Another possibility for character creation is to take index cards and have the GM fill them out with the roles and skills that he/she thinks will be necessary in the future campaign. The players will be encouraged to select the role/skill that seems to fit what their character concept is. One could also include an advantage on the card if the skill/role is less desirable but necessary to gameplay. If there is a relationship that the GM wants to have in the game to a plot element this would fit during creation as well (e.g. brother/sister or relative to an NPC). The players can trade and discuss the elements and get things sorted out with just a little prodding from the GM.
I’ve just kicked off character creation for a Star Wars Edge Of The Empire game.
The trick I find working most often is to have the players start off with “Why does the party exist?” almost to drive out the common goals and motivations that the characters will have.
Then it’s “Why are these characters the ones in the party?” to enable the players to create links within their backgrounds.
Only after that do we flesh out the specific characters.
I talk a little about this on my blog here
Argh link error! http://a2ndchapter.blogspot.co.uk/2013/08/my-name-is-inigo-montoya.html
I’ve always looked at running and playing RPGs in the same way as writing fiction. It has to make sense. There’s far more leeway in an RPG than a straight narrative, but the principle remains the same. A significant part of having a story make sense is having characters that belong there. Just because a character is really interesting doesn’t mean they’ll fit. Conan the Barbarian is awesome, but he wouldn’t work very well in any of Tolkien’s works.

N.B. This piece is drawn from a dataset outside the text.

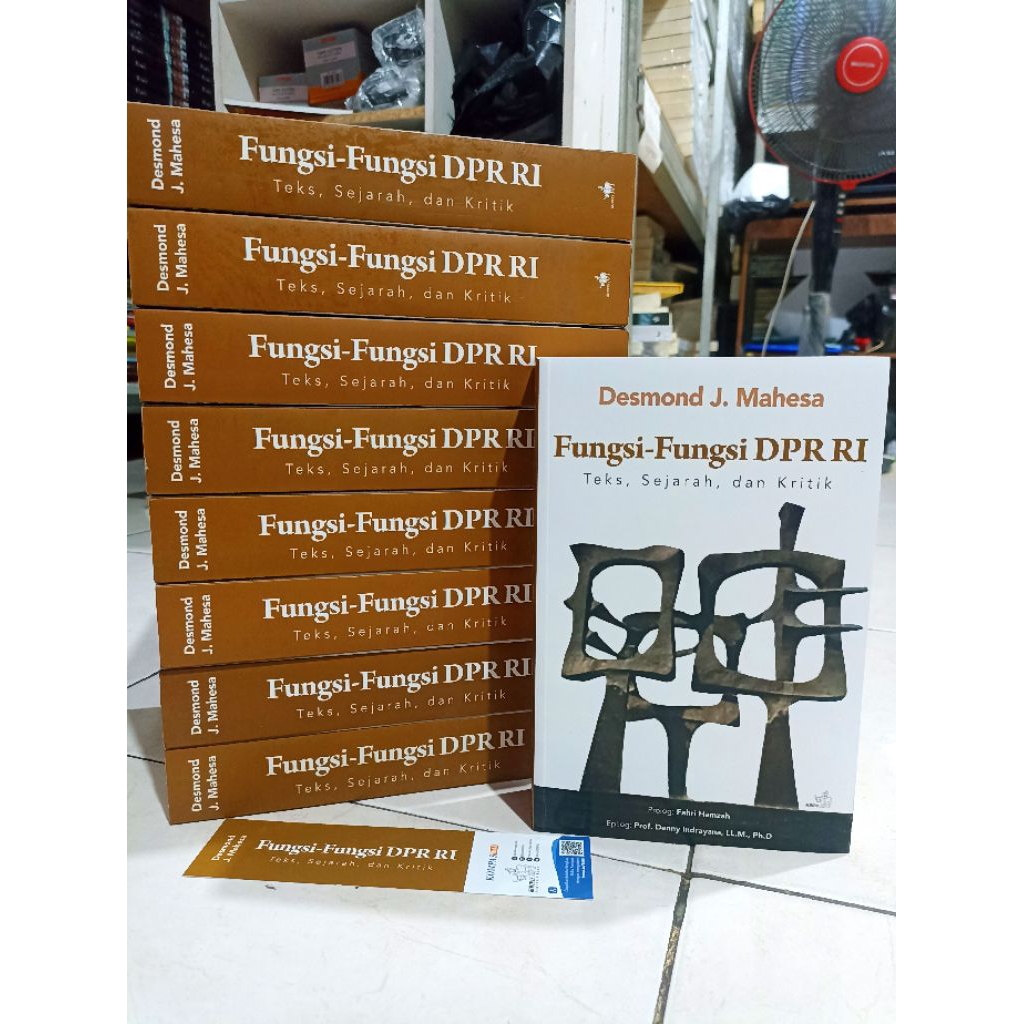 HISTORY / FUNCTION BOOK - ฟังก์ชั่น DPRRI / DESMOND J. MAHESA / TEXT, HISTORY, และคริติคอล / / / BIOGRAPHY HISTORY / ฟิกเกอร์ / วรรณกรรม / DPR / RI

I always use the Cooperative background generation found somewhere on this site. By using that, you are ALWAYS sure your group has a decent cohesion, no matter what character types the players choose.
What we have done in my current group is allow characters to be changed between sessions. In some cases, choices for a particular character are switched around (attributes, skill points, special abilities, levels, etc.). In other cases the character is completely replaced.

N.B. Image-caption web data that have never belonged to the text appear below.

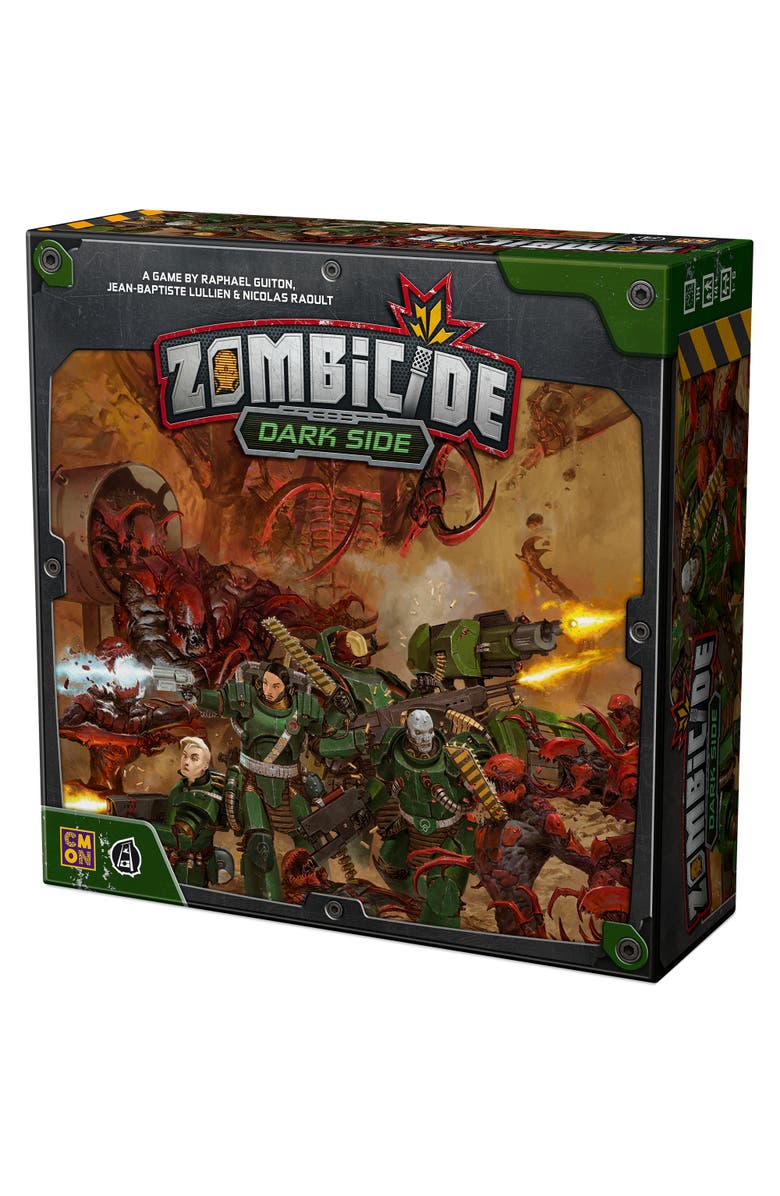 ASMODEE CMON Zombicide Dark Side Expansion Strategy Board Game, Main, color, 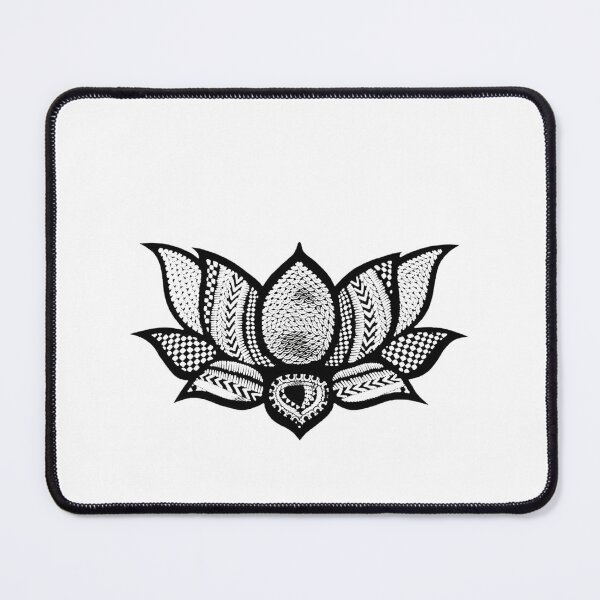 Item preview, Elegant Lotus Flower Design Symbolizing Purity and Spiritual Growth designed and sold by carlottamascolo.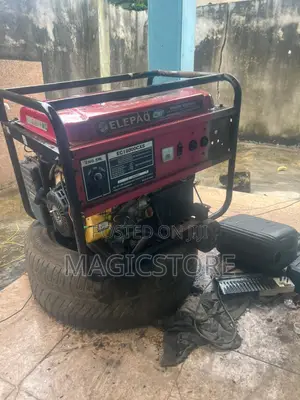 8kva Elepaq Generator Used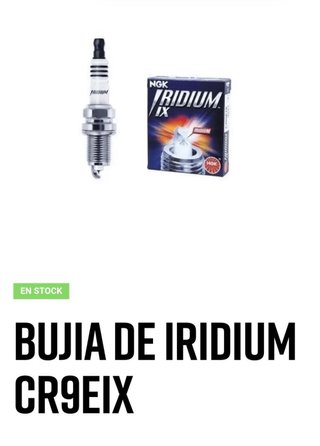 Bujía NGK Irididium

In the first case, it is to help prevent “poor choices” of character development that do not work the way the player thought, or just don’t fit the concept or campaign for whatever reason.
In the second, sometimes it is hard to find the “right” character for a particular player and campaign. Maybe the player just picked something without knowing about the campaign, or maybe the player finds that the character does not fit his/her particular play style or preferences.
Some people might see this as An Abominable Sin, but since we are all trying to have fun as a group, it sucks to be stuck playing a niche or character that you don’t really want to play. If there is something that is so integral to the group and nobody wants to play it, by all means let the GM have an NPC tag along or come up with another way to make it work.
I forgot to mention the background part. This is also edited as the game progresses. We try to avoid overt changes, but sometimes details just don’t fit as well as originally thought. While this is not a whole campaign do-over, it can effectively be one if enough editing has taken place over the game. I find that most editing tends to be towards the earlier portion of a campaign, but sometimes what was once believed to be true can find a plot twist “that was true, from a certain point of view” or “I was wrong, they didn’t really do bad experiments on me, I just thought that they were horrible at the time because of my young and naive perspective”.